======================================================
vhost-blk: in-kernel accelerator for virtio-blk guests
======================================================

Background:
===========

Right now each IO request from the guest goes in the following way:

* guest kernel puts IO request into virtio queue
* guest kernel performs VM exit
* host (in the context of VCPU thread) kicks IOthread in QEMU via
  ioevent fd and performs VM enter
* IOthread wakeups
* IO thread serves the request through
  - VirtIO BLK driver
  - QCOW2 format driver
  - host kernel
* once the request is completed (again, wakeup of userspace process) one
  should inject IRQ into the guest (one more context switch, syscall)

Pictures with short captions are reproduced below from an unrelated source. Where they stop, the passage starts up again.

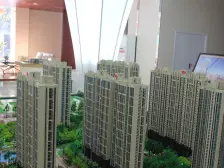 2018年人车分流小区 业主诚心出售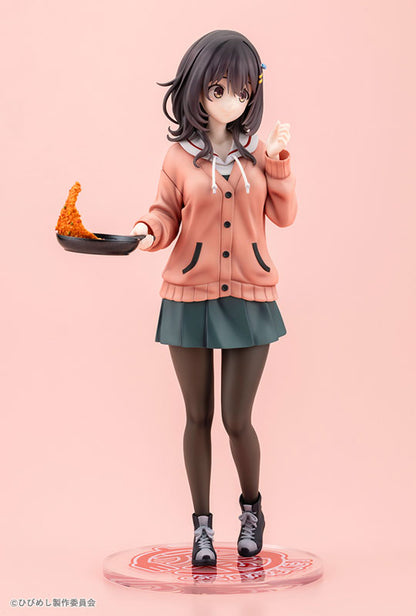 [Food for the Soul] Maco Kawai - 1/7 Complete Figure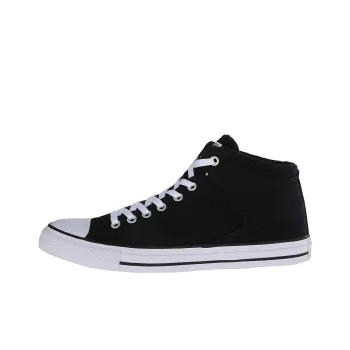 Chuck Taylor All Star Converse High Street High 'Black White'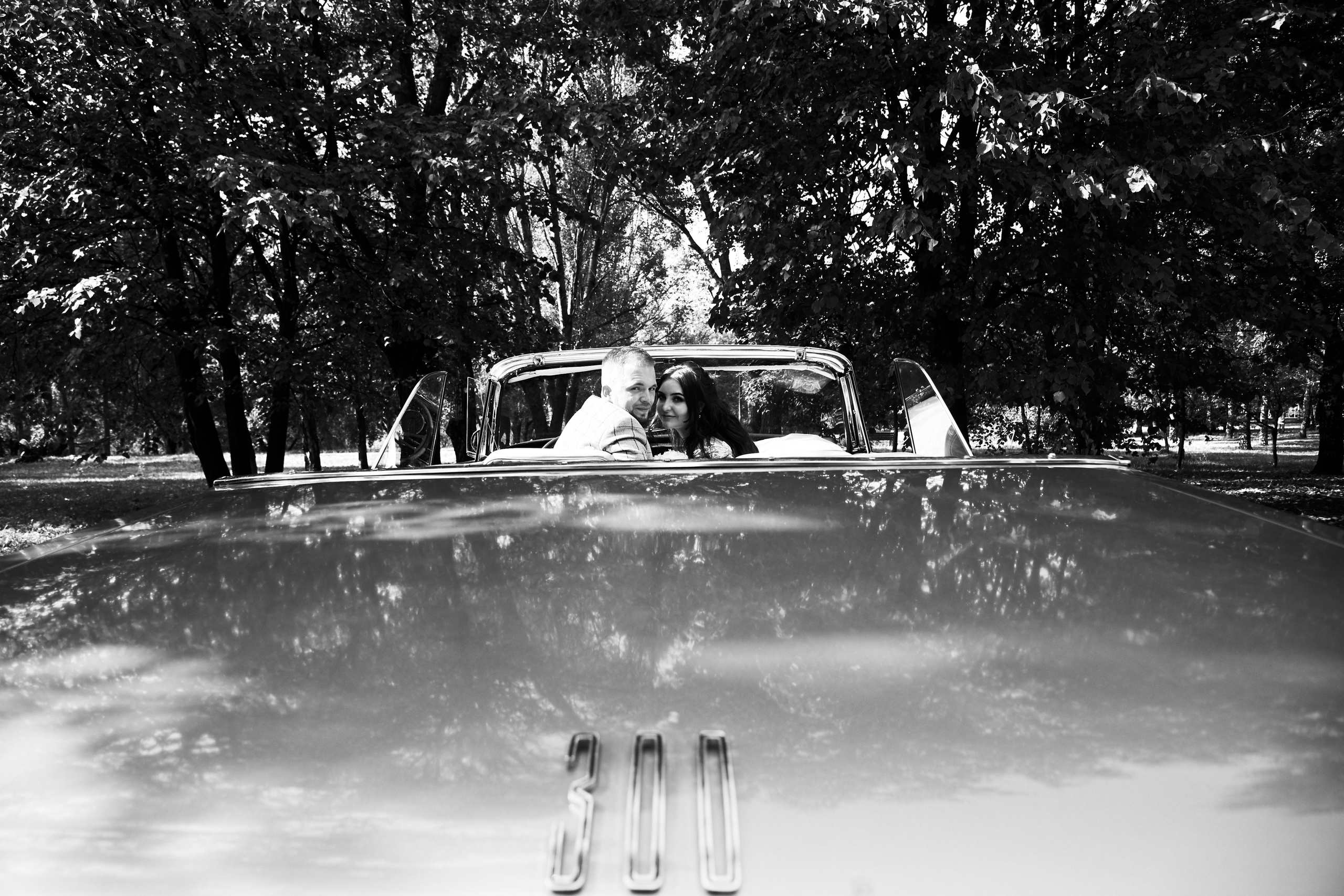 Свадебный фотограф в Москве Станислав Донченко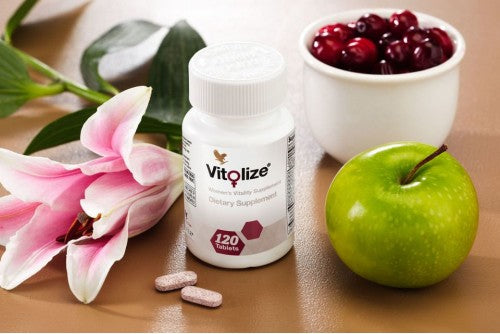 Forever Vitolize Women
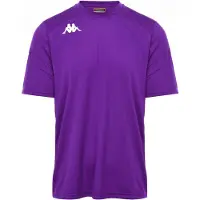 Kappa T-shirt à Manches Courtes Dovo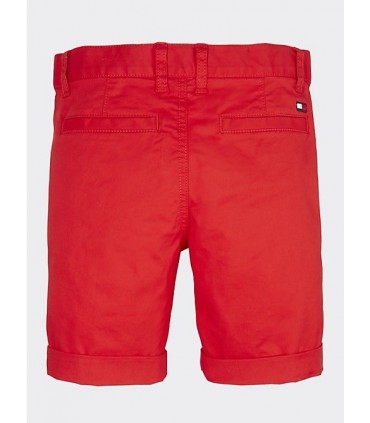 BERMUDA NIÑO DE LA MARCA TOMMY HILFIGER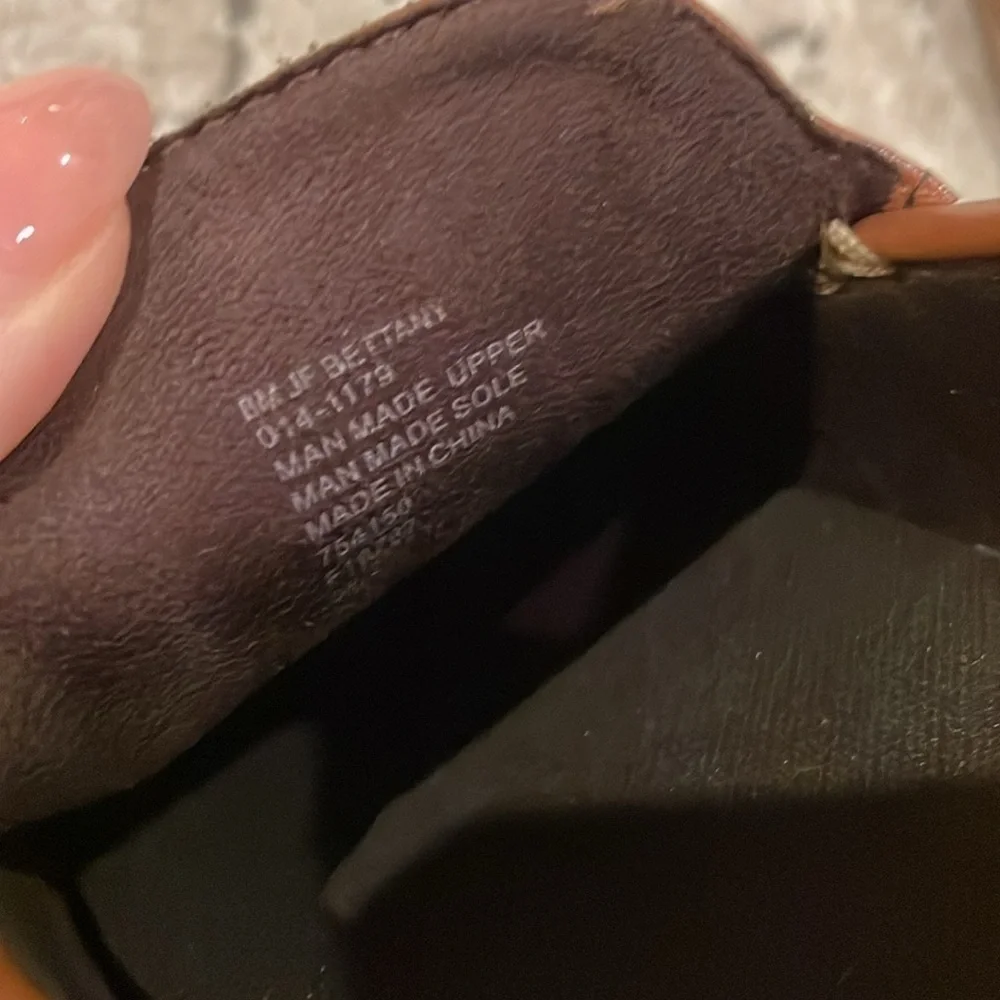 jf j.ferrar comfortable easy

This process in lengthy and it is not scalable by the amount of guest
CPUs.

Disk latency can be reduced if we handle virtio-blk requests in Host
kernel (like it's done in VirtIO Net aka vhost_net module) so we avoid a
lot of syscalls and context switches.

The main problem with this approach *was* the absence of the
thin-provisioned virtual disk in the kernel and inability to perform the
backup.

The idea is quite simple - QEMU gives us block device and we translate
any incoming virtio requests into bio and push them into bdev.
The biggest disadvantage of this vhost-blk flavor is raw format.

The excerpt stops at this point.